“I good girl,” Annie-Many-Ponies stated simply. “I love my husband when priest says that's right thing to do. You no gets priest, I no go with you. I think mens not much cares for marry all time. Womens not care, they go to hell. That's what priest tells. Girls got to care. That's truth.” Simple as two-plus-two was the rule of life as Annie-Many-Ponies laid it down in words before him. No fine distinctions between virtue and superwomanhood there, if you please! No slurring of wrong so that it may look like an exalted right. “Womens got to care,” said Annie-Many-Ponies with a calm certainty that would brook no argument.
“Sure theeng,” Ramon agreed easily. “Yoh theenk I lov' yoh so moch if yoh not good?”
“You gets priest?” Annie-Many-Ponies persisted.
“Sure, I gets padre. You theenk Ramon lies for soch theeng?”
“You swear, then, all same white mans in picture makes oath.” There was a new quality of inflexibility under the soft music of her voice. “You lift up hand and says, 'Help me by God I makes you for-sure my wife!'” She had pondered long upon this oath, and she spoke it now with an easy certainty that it was absolutely binding, and that no man would dare break it. “You makes that swear now,” she urged gently.
“Foolish one! Yoh theenk I mus' swear I do what my hearts she's want? I tell yoh many times we go on one ranch my brother Tomas says she's be mine. We lives there in fine house weeth mooch flowers, yoh not so moch as lif' one finger for work, querida mia. Yoh theenk I not be trus', me, Ramon what loves yoh?”
“No hurt for swears what I tells,” Annie-Many-Ponies stepped back from him a pace, distrust creeping into her voice.
“All right.” Ramon moved nearer. “So I make oath, perhaps you make oath also! Me, I theenk yoh perhaps not like for leave Luck Leensay—I theenk perhaps yoh loves heem, yoh so all time watch for ways to please! So I swear, then yoh mus' swear also that yoh come for-sure. That square deal for both—si?”
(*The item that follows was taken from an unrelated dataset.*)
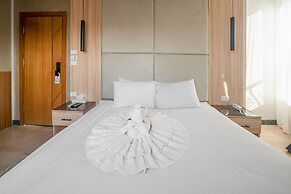 Tiye Pyramids Hotel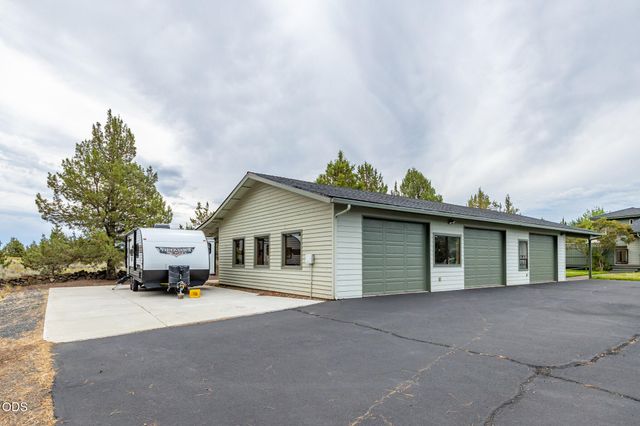 61670 Somerset Drive, Bend, OR 97702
Annie-Many-Ponies hesitated, a dull ache in her breast when Ramon spoke of Luck. But if her heart was sore at thought of him, it was because he no longer looked upon her with the smile in his eyes. It was because he was not so kind; because he believed that she had secret meetings with Bill Holmes whom she hated. And in spite of the fact that Bill Holmes had left the company the other day and was going away, Wagalexa Conka still looked upon her with cold eyes and listened to the things that Applehead said against her. The heart of Wagalexa Conka, she told herself miserably, was like a stone for her. And so her own heart must be hard. She would swear to Ramon, and she would keep the oath—and Wagalexa Conka would not even miss her or be sorry that she had gone.
“First you make swears like I tells you,” she said. “Then I make swears.”